* _What needs to be done_: Could you restate word for word each line from the top of the listing below through the line containing "2026.1.24【LIVE】北海道の生き物観察（札幌郊外の餌場）"? Keep the pictures out.
• • • • •
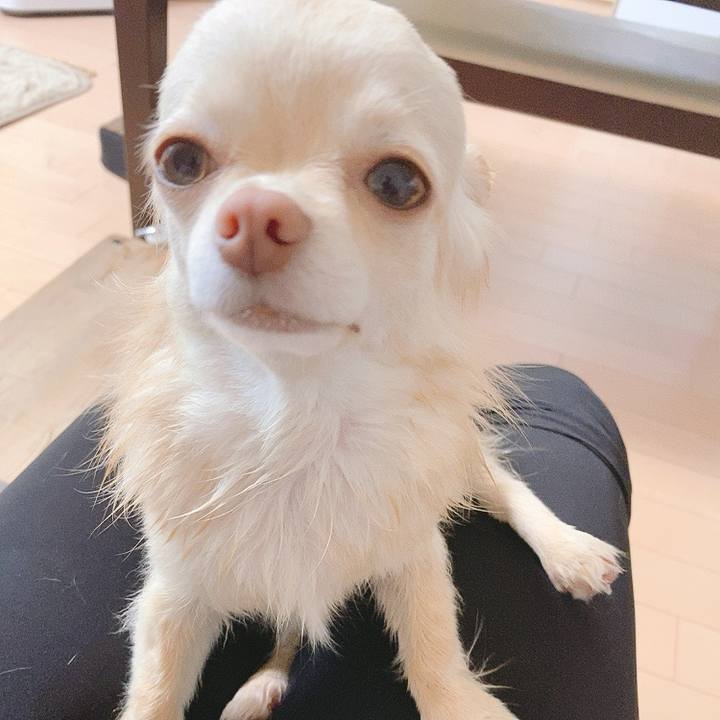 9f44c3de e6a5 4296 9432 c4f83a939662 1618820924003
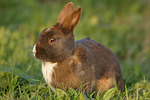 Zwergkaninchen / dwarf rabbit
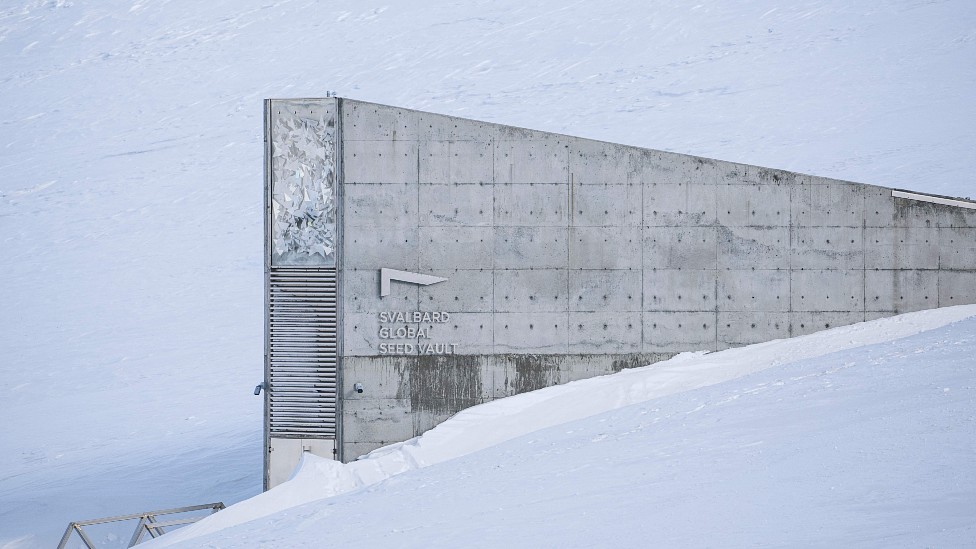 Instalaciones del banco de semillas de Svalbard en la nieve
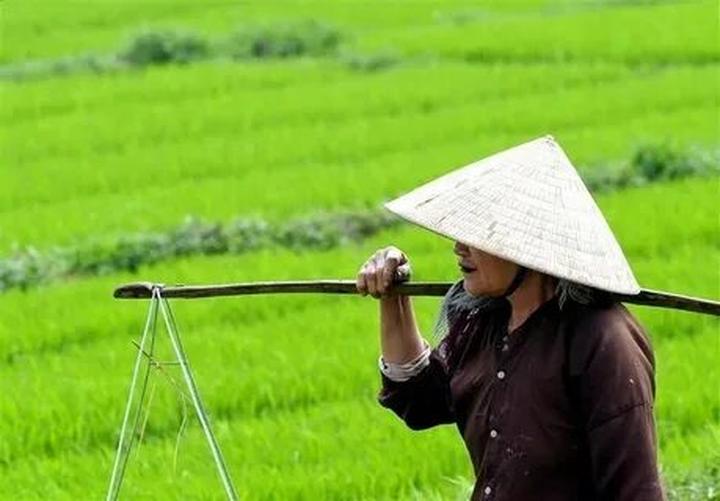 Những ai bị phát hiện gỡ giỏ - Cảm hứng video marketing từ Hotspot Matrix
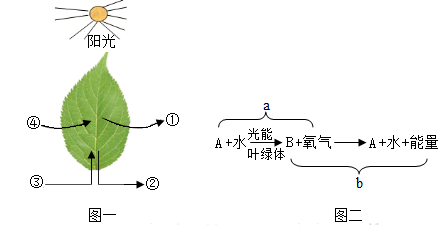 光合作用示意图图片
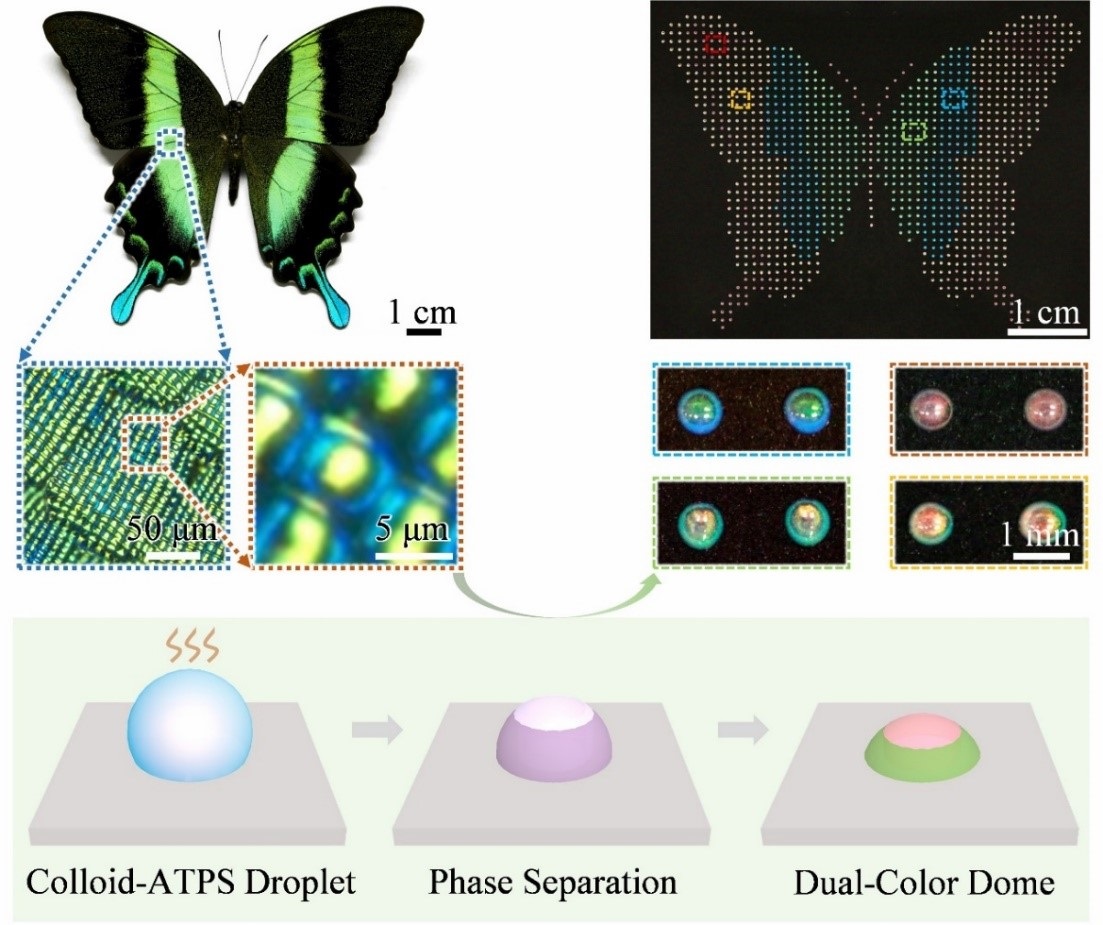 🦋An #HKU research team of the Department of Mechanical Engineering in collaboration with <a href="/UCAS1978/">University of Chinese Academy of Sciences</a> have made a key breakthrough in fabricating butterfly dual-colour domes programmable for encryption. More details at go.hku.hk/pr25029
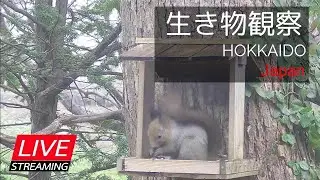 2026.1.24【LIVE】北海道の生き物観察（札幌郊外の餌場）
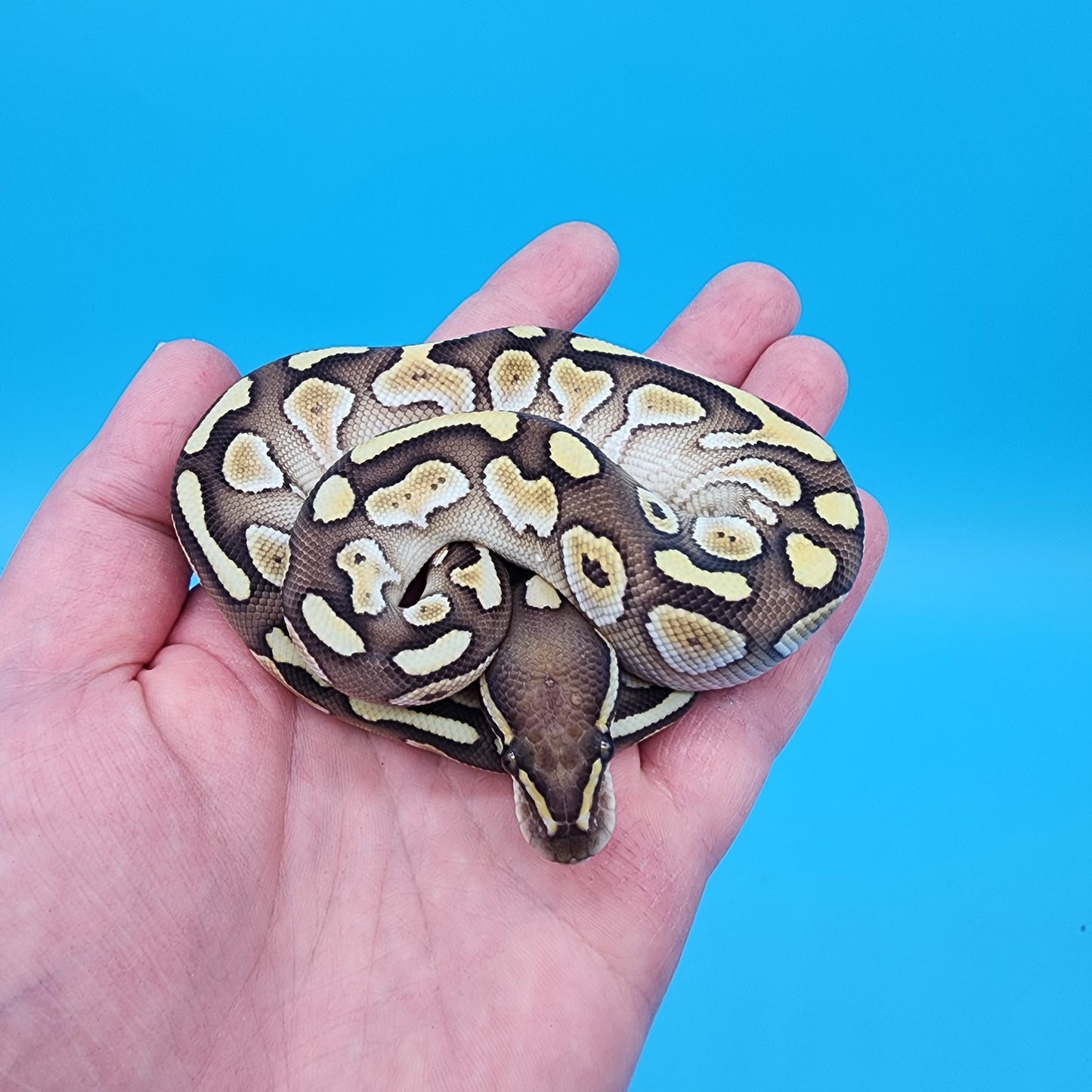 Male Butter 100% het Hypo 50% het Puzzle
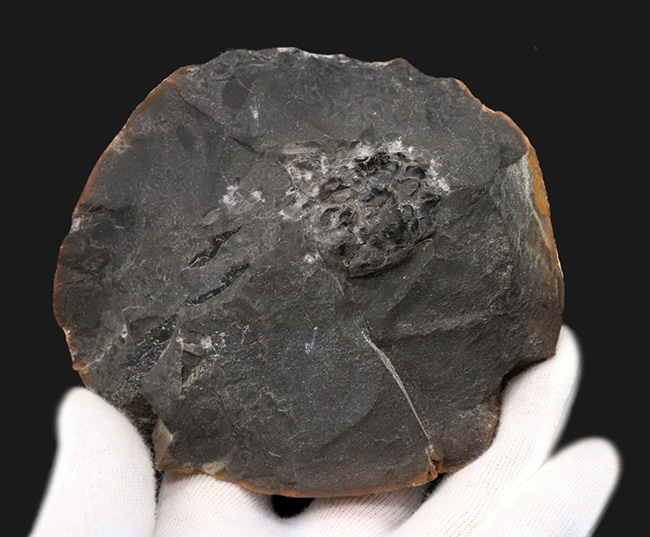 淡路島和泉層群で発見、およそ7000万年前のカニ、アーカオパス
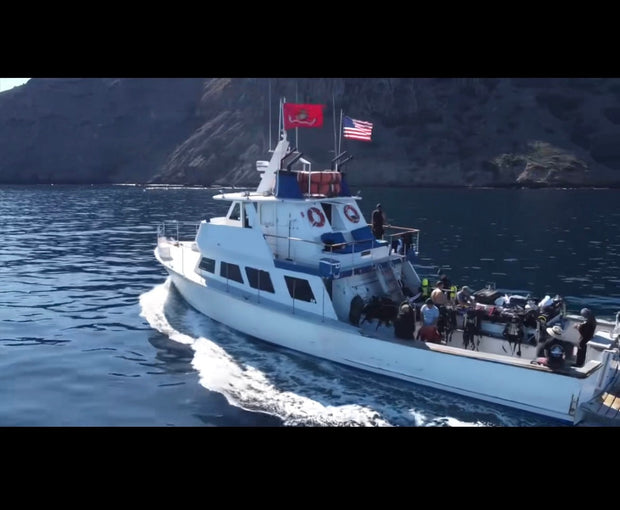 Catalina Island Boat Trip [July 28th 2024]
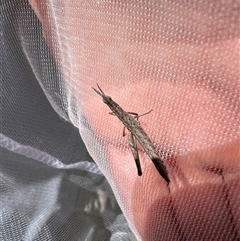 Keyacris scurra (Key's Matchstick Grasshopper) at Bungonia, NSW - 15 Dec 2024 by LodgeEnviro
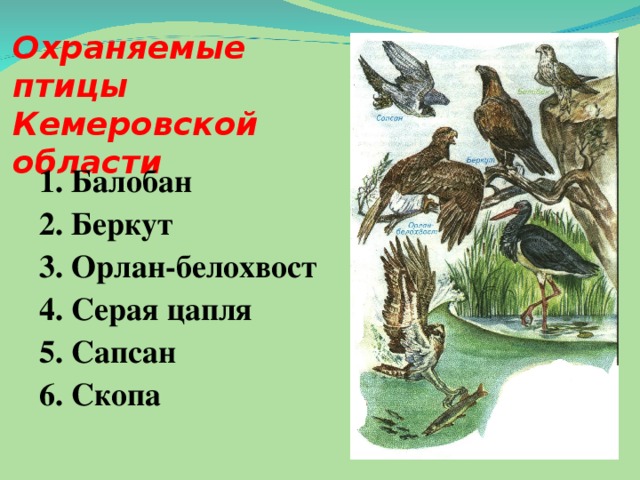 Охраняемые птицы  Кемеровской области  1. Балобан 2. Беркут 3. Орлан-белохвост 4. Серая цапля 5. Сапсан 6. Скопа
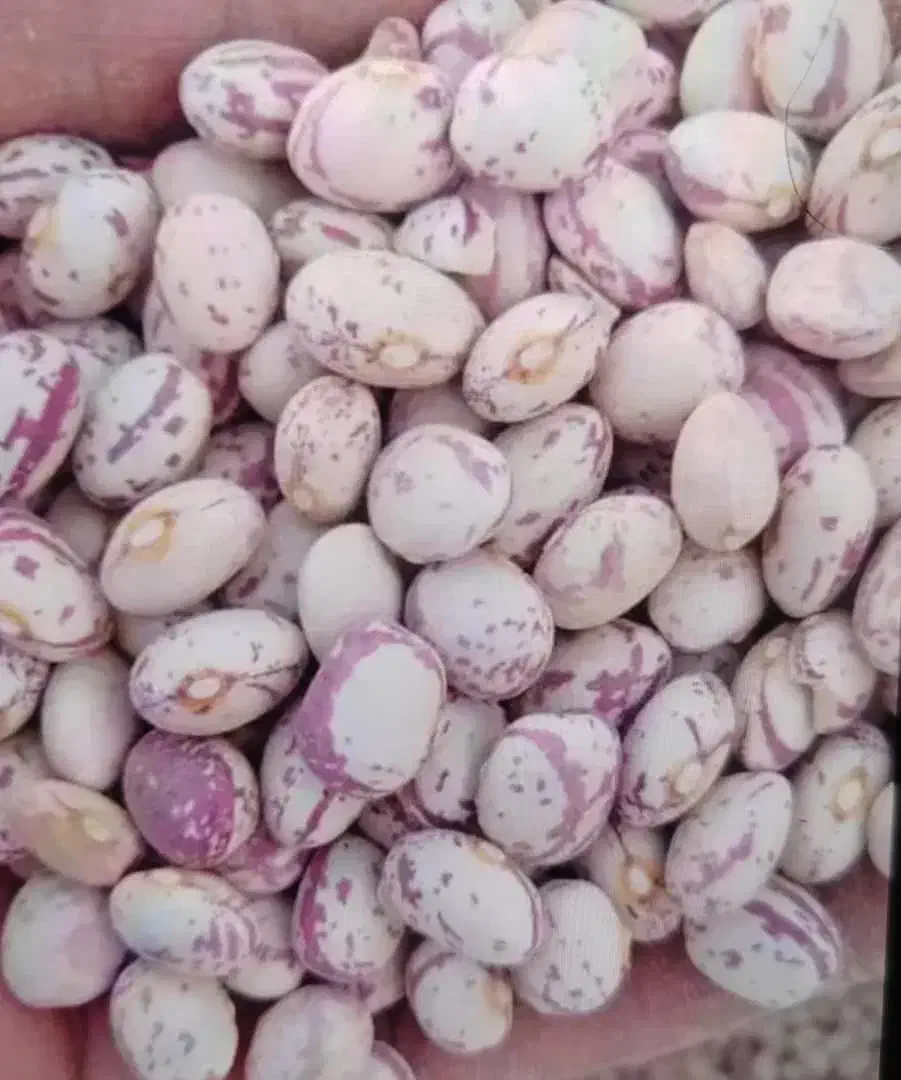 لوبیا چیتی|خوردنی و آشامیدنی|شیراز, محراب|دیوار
• • • • •
* _Answer box_:
 9f44c3de e6a5 4296 9432 c4f83a939662 1618820924003
 Zwergkaninchen / dwarf rabbit
 Instalaciones del banco de semillas de Svalbard en la nieve
 Những ai bị phát hiện gỡ giỏ - Cảm hứng video marketing từ Hotspot Matrix
 光合作用示意图图片
 🦋An #HKU research team of the Department of Mechanical Engineering in collaboration with <a href="/UCAS1978/">University of Chinese Academy of Sciences</a> have made a key breakthrough in fabricating butterfly dual-colour domes programmable for encryption. More details at go.hku.hk/pr25029
 2026.1.24【LIVE】北海道の生き物観察（札幌郊外の餌場）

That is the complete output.